Cycling the wood between two RH-values will result in closed hysteresis loops (scanning curves) bound by the adsorption and desorption isotherm. To get an indication of the two boundary curves at 60 °C, the variables used to describe the sorption isotherm at 20 °C were adjusted to enclose the experimentally obtained datapoints. The results show that the sorption isotherm lowers for higher temperatures (Engelund et al. 2013; Shi and Avramidis 2017a; Skaar 1988), as seen when the average EMC of \(12.0\) and \(7.7\%\) (\(80\) and \(40\%\) RH) obtained in the present study is compared with the average of \(16.4\) and \(8.5\%\) MC found for the sorption isotherm by Bratasz et al. (2012) at the same RH-levels. The variables needed to describe both sorption isotherms are collected in Table 2.

Table 2 Three parameters needed to describe the sorption isotherm using the GAB method presented in Eq. (23) and illustrated in Fig. 7

The scanning curves generally do not develop in a straight manner (Salin 2011; Shi and Avramidis 2017a; Time 2002a), but in a similar trend to the boundary curves. With Eq. (15) and (16), an approximation is made of what these scanning curves could look like. In Fig. 7b, c, the interpolation between the experimentally obtained data points at first desorption and adsorption are presented. In Fig. 7d, all scanning curves are collected. It can be seen that the hysteretic behaviour results in larger differences in EMC at \(80 \%\) RH \((\Delta 1.1 \%)\) than at \(40 \%\) RH \((\Delta 0.4 \%)\). It is difficult to compare the experimental results with other publications (Fredriksson and Engelund 2018; Shi and Avramidis 2017a), where the scanning curves are limited and often start at adsorption. However, it is seen in Fredriksson and Engelund (2018) that the distance between desorption and adsorption boundary curve is much smaller at \(40\%\) RH than at \(80\%\) RH, also suggesting a similar scanning range. Additionally, this difference is seen in Johannesson and Janz (2009), as an example of the hysteretic behaviour simulated with the hysteresis model by Frandsen et al. (2007b) starting from the adsorption curve and scanning between \(74\) and \(88\%\) RH. All variables needed to make the scanning curves illustrated in Fig. 7 are collected in Table 3.

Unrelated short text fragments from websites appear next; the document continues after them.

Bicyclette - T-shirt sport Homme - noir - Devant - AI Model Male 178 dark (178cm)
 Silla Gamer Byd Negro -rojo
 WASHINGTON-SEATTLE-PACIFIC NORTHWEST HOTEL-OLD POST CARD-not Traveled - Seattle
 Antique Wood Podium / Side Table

Table 3 Variables used to describe the scanning curves at adsorption \((\mathrm{ad})\) and desorption \((\mathrm{de})\) with a fibre saturation point of \(0.27\, ({-})\)

Calibration of numerical model based on experiment

Figure 8 presents the results of the calibration made from the moisture transport model based on the average MC. The calibration started with the flow properties obtained in “Moisture content profiles” section, see Table 1. Figure 8a presents these results, together with the experimental data. This figure also shows the RD between simulated and experimental data, which was determined based on Eq. (21). The next step was to adjust the flow properties until a better RD distribution was found. Figure 8b illustrates the final fit made in the calibration process. The flow properties related to this fit are collected in Table 4. To emphasize the EMC after each RH-phase and the effect hysteresis has on the EMC, Fig. 9 is presented.

Fig. 8
figure 8

Average moisture content \(({w}_{{\mathrm{a}}})\) and relative difference \(({\text{RD}})\) between experiment \((\mathrm{e})\) and simulation \((\mathrm{s})\) data for a simulation made with flow properties obtained with fit of moisture content profiles presented by (Rosenkilde 2002), b calibration made of moisture model based on long-term experiment

Table 4 Variables needed to describe the diffusion coefficient \(\left(D\right)\) in orthotropic directions \(\left(l,r,t\right)\) and surface emission coefficient \(\left(s\right)\) used to describe the flux vector normal to the boundary. Values are obtained with calibration made of numerical model based on experimental data between \(7{-}13\%\) MC and \(60\,^\circ{\mathrm{C}}\)
Fig. 9
figure 9

Simulated average volumetric moisture content \(({w}_{{\mathrm{a}}})\) including colour plots emphasising the effect of hysteresis on adsorption and desorption side for specific points in time (\({t}_{1}\) to \({t}_{13})\)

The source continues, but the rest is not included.